Eemeli Yalaho has signed his National Letter of Intent to play for the Texas Tech basketball program next season, head coach Grant McCasland announced on Tuesday. A 6-foot-8 forward from Finland, Yalaho spent last year at Western Reserve Academy in Ohio for his senior season of high school.
"We are really excited to add Eemeli to our signing class," McCasland said. "He is extremely skilled and has an intelligent feel for the game. We can't wait to get him here to Lubbock this summer."
Yalaho is coming off a season at Western Reserve Academy (Hudson, Ohio) where he averaged 15.2 points, 7.6 rebounds and 3.5 assists per game. He scored a season-high 28 points in a game against Spire National where he also had 12 rebounds. He scored in double figures in 17 games and over 20 in six throughout the 23-game season. He had five double-doubles and had a career-best 14 rebounds in a win over Dohn Prep where he also had eight points and five assists.
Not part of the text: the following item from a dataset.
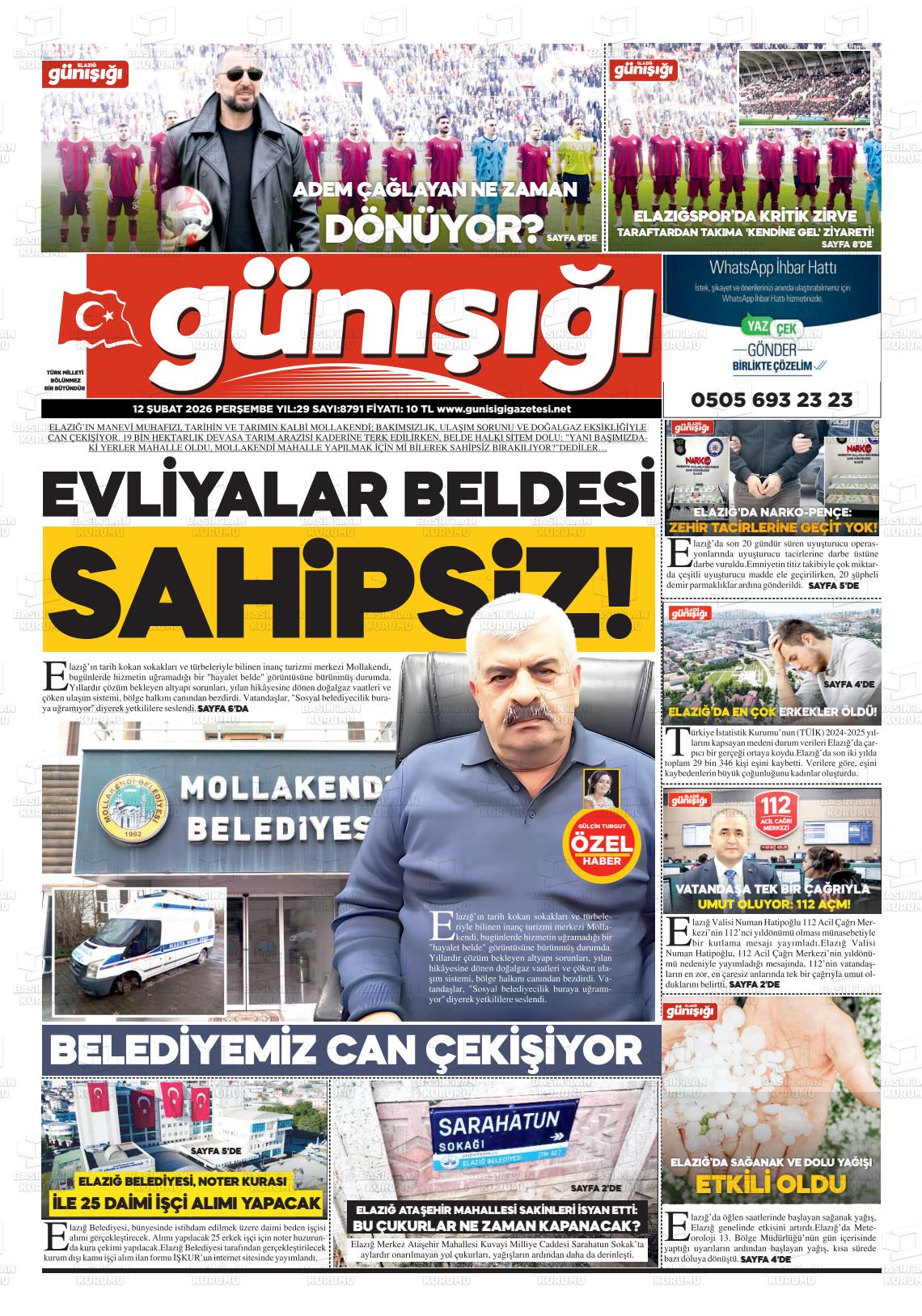 Elazig Gunisigi 12.02.2026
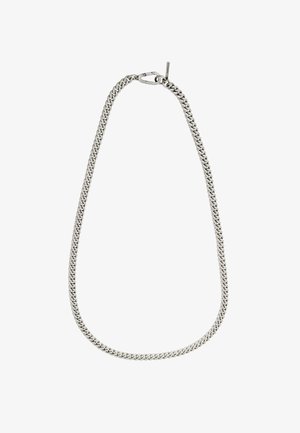 Zilveren ketting met platte, in elkaar grijpende schakels en een karabijnsluiting. De gladde textuur en gepolijste afwerking geven het een elegante uitstraling.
He finished the season shooting 42.9 percent on 3-pointers and made at least two 3-pointers in 15 games.
A Jyväskylä, Finland native, Yalaho played for the Finish U18 National Team where he helped it win the bronze at the FIBA U18 Division B. He averaged 10.2 points, 5.4 rebounds and 2.0 assists per game, including going for 12 points against Denmark and 10 points in a win over Iceland.
Yalaho chose Texas Tech over other offers that include his final three of Providence and Nebraska.
He is the fourth signee for McCasland following Warren Washington, Chance McMillian and Darrion Williams. The first three signees were transfers who all played for NCAA Tournament teams last season. McMillian transfers in from Grand Canyon where he averaged 10.2 points per game last season, while Williams earned Mountain West Freshman of the Year playing at Nevada where he averaged 7.7 points, 7.3 rebounds, 2.7 assists, and 1.4 steals per game. Washington signed with Tech having one more year of eligibility after playing last season at Arizona State where he averaged 9.2 points, 6.9 rebounds and 1.8 blocks per game.